Sheet n°5: Make an informed choice of architecture
When designing the architecture of your application, you must identify personal data that will be collected and define a path and life cycle for each of them. The choice of supporting assets (local storage, server, cloud service) is a crucial step, which must be adapted to your needs, but also to your technical knowledge. The registry and conduction a privacy impact assesment can assist you in this choice.
Examining life cycle of data and processes, from collection to erasure
- Represent and describe how the product generally works before starting your project, with a diagram of data flows and a detailed description of the processes carried out.
- When data is only stored on the user’s terminal (local storage) or remains confined on communication networks under the control of the user (e.g. Wi-Fi or other local network), the main point of attention is data security. The duration for which data is stored and the actual deletion should be determined by the individuals.
- When the data transits through online services, the choice of hosting the data yourself or using a service provider must be made according to your security knowledge and the expected quality of service.
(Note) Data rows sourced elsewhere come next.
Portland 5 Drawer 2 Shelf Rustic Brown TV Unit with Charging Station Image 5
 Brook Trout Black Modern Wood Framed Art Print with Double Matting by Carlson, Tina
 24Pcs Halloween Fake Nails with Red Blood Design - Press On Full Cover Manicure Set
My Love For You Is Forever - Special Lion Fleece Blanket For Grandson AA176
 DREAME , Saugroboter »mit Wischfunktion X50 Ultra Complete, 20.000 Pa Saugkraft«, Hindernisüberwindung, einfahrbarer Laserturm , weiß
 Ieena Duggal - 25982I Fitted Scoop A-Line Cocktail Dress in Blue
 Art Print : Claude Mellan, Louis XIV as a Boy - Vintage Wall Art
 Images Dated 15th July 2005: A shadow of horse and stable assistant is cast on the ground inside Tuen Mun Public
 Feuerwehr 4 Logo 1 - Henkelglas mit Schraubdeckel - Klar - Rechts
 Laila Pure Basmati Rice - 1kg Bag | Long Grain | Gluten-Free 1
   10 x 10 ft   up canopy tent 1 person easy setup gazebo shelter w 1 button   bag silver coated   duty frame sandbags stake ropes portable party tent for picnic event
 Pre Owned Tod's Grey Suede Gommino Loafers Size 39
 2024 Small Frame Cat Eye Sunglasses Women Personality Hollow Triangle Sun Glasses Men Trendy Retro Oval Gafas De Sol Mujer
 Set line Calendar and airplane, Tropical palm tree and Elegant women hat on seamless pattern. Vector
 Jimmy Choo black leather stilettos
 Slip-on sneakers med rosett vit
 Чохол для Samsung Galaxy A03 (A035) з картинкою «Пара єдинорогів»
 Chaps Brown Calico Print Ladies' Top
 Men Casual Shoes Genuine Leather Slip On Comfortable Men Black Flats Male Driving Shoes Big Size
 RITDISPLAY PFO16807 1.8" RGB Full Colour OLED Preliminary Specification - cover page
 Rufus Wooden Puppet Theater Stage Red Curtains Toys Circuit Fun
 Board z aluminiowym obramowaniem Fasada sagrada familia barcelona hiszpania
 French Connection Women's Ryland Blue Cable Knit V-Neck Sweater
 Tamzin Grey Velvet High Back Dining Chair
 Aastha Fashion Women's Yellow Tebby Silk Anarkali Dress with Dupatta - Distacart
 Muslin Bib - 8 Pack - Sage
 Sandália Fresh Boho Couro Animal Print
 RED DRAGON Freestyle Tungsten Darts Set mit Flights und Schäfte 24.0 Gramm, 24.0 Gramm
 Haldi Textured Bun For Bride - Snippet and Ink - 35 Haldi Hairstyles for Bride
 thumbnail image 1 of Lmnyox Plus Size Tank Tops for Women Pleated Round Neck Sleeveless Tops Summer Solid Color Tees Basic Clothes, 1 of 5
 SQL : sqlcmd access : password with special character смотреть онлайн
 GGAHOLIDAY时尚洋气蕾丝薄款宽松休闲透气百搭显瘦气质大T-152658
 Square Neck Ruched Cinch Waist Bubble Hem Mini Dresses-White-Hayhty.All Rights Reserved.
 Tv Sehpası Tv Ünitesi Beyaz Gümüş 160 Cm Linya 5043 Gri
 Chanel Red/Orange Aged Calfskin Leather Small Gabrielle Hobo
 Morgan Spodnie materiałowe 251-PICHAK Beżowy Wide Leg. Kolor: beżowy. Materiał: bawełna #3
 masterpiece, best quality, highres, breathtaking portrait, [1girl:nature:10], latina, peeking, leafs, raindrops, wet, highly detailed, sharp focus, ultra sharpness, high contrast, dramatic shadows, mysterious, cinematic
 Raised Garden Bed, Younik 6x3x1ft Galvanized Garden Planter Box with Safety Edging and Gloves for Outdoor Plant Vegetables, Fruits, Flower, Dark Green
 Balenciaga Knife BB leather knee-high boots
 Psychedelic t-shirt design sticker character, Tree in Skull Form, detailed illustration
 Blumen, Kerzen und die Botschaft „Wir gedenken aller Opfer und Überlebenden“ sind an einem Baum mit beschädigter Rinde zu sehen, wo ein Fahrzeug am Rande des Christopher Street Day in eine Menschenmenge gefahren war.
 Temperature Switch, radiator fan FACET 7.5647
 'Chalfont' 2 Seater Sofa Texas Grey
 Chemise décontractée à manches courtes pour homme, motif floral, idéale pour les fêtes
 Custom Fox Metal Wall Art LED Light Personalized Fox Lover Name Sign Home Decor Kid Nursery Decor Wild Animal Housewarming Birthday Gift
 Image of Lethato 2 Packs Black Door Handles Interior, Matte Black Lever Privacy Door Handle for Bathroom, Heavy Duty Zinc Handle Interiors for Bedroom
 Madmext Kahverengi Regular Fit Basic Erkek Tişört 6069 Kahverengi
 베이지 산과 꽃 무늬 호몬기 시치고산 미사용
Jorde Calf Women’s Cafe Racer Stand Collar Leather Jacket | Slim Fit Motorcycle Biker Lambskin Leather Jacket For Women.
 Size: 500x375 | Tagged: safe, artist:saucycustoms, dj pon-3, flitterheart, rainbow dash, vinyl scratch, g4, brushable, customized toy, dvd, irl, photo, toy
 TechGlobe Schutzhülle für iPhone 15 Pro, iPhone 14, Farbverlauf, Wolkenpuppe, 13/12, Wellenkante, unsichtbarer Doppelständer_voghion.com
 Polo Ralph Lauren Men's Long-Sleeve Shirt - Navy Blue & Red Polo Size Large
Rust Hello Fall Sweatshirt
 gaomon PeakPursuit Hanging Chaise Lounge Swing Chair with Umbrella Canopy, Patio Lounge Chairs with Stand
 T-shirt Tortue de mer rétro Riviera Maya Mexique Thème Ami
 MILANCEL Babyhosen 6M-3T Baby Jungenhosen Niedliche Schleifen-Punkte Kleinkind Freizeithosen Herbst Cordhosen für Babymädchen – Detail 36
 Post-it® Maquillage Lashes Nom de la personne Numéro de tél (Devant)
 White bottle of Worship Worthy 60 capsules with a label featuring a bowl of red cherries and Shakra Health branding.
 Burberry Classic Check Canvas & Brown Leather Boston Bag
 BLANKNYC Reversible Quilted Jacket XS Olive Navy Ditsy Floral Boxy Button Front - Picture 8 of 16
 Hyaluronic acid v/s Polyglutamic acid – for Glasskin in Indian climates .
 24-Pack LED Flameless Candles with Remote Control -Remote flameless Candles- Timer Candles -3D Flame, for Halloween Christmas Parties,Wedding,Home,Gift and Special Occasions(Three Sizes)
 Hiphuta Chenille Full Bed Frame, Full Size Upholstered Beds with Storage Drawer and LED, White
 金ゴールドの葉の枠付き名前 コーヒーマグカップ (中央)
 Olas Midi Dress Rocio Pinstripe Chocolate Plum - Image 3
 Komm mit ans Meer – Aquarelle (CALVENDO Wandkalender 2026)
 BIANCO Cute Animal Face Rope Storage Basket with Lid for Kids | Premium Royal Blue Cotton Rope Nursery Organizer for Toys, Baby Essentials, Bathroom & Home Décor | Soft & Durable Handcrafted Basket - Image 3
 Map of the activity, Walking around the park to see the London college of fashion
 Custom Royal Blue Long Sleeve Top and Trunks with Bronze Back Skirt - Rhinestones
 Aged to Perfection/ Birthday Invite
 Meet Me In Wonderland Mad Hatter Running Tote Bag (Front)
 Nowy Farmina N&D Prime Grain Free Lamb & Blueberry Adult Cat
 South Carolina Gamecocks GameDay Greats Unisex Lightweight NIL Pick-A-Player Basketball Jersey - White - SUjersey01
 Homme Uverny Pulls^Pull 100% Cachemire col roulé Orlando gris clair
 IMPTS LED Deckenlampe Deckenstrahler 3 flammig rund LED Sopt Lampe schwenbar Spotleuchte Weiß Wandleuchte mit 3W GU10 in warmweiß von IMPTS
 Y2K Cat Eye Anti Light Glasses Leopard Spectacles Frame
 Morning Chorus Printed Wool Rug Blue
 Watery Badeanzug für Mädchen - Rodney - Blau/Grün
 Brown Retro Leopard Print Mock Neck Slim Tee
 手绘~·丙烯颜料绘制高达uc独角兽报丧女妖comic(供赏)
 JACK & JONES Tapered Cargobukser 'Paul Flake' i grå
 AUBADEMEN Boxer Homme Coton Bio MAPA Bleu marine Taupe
Recognized cloud offerings may offer higher levels of security. However, they generate new risks that need to be mastered. Recommendations for companies planning to use Cloud computing services can guide at this selection stage.
In case of use of external hosting
- Choose a service provider that ensures appropriate security and confidentiality measures and is sufficiently transparent.
- Make sure you know the geographical location of the servers that will host your data. You may be required to transfer data outside the European Union (EU) and the European Economic Area (EEA). While data can move freely within the EU/EEA, transfers outside the EU/EEA are possible, provided that sufficient and appropriate level of data protection is ensured. The CNIL provides an on-site map showing the different levels of data protection in countries around the world.
- If you need to host health data, make sure that provider used is certified or approved for this activity.
- Other points to be aware of include:
- the existence of an accessible security policy;
- physical security and safety measures at the hosting site;
- data encryption and other processes to ensure that the provider does not have access to the data entrusted to it;
- the management of updates, the management of authorizations, the authentication of personnel and the security of application developments;
- the easy reversibility/portability of data in a structured and commonly used format, on request and at any time.